Marca su rutina

¿Qué horarios debe tener un bebé de 10 meses?

Desgraciadamente, no siempre se puede seguir la rutina perfecta porque depende de otros factores, pero sí que hay unos márgenes en los horarios recomendables que todos los papás deberían intentar cumplir.

Bebé (Foto: iStock)
Bebé (Foto: iStock)

El horario perfecto para un bebé no existe en tanto y cuanto se alimenta a demanda durante los primeros meses de su vida, pero a partir de los seis meses, cuando se inicia en la alimentación complementaria y sus horarios ya no son los de un recién nacido, se puede ir cuadrando una rutina que sí se puede generalizar.

Eso sí, es obvio que ha de ser flexible porque no todos los papás tienen las mismas circunstancias en sus vidas. Es más, ni siquiera todos los niños se alimentan igual a los 10 meses. Hay muchos que ya toman leche de fórmula y otros que siguen alternando su plan de alimentación complementaria con la lactancia materna. Lo que sí es inamovible, y es la base sobre la que se debe construir un horario saludable para un bebé de 10 meses son las horas que necesita dormir: 14 al día; esto incluye tantos las siestas como la noche. 

Teniendo en cuenta que a esta edad la mayoría de los peques duermen dos siestas, una por la mañana y otra después de comer, lo normal es que por lo menos duerma alrededor de 12 horas de madrugada, aproximadamente. Este dato es también necesario para establecer su horario. 

Cómo establecer una rutina

Más allá de si los dos progenitores trabajan o no y si el bebé toma leche de fórmula o materna, factores que pueden modificar un poquito el horario recomendado en función de las circunstancias, para establecer el horario es casi más importante fijar como primera variable la hora de irse a dormir por la noche. Y dado que los niños suelen tener una ventana de sueño alrededor de las 9 de la noche, estipularemos esta hora como la adecuada para que el peque se vaya a descansar hasta el día siguiente. 

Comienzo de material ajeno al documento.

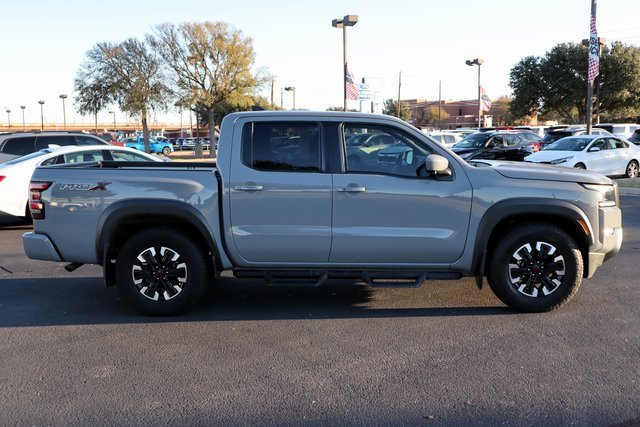 Used 2022 Nissan Frontier Pro-X image 12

En función de esto, un horario estándar recomendable sería el siguiente:

  • Entre las 8 y las 9 de la mañana se despierta. Hora de desayunar. Leche, cereales y fruta, lo más recomendable.
  • Hasta media mañana, hora de disfrutar del juego y de trabajar con él la estimulación de todos sus sentidos y también de trabajar a nivel psicomotor.
  • Entre las 11 y las 12, según se haya despertado, se tomará su primera siesta del día. Suele ser de media hora aproximadamente, y es recomendable que no se acostumbre a hacerla muy larga porque de lo contrario será difícil que haga más larga la siesta de después de comer. Tened en cuenta que la siesta de la mañana es la que antes se quitará de su rutina.
  • Alrededor de las 12:30-13:00 horas, toca almorzar y tomar un poco de leche de nuevo.
  • Después de la comida, puede jugar un poquito más, hasta que el sueño vuelva a hacer acto de presencia.
  • Dependiendo del niño y de cómo haya sido su primera siesta, entre las 14:00 y las 15:00 horas se echará la segunda siesta, esta sí de dos horas aproximadamente.
  • Al despertar, entre las 16:00 y las 17:00, es la hora de la merienda. Puede ser el pecho y complementar con una fruta, por ejemplo, o puede merendar un yogur y un poquito de fruta. Siempre, productos lácteos no edulcorados y fruta, mucho mejor que galletas y demás productos malsanos.
  • Hasta las 19:00 horas, toca disfrutar de nuevo del juego y de la compañía de sus seres queridos. Y a esa hora, más o menos, es un buen momento para iniciar la rutina del sueño con un baño relajante.
  • Entre las 19:30 y las 20:00 horas, llega la hora de la cena.
  • Y a continuación, leche y a dormir. Si toma el pecho, probablemente se quedará dormido directamente en el regazo de su mamá. 

De todos modos, es muchísimo más efectivo que el horario que se siga con él sea constante y no caótico, que si se levanta media hora antes o se acuesta un poquito después del horario establecido en este ejemplo. Y el fin de semana, dentro de lo posible, es recomendable mantener dicha rutina.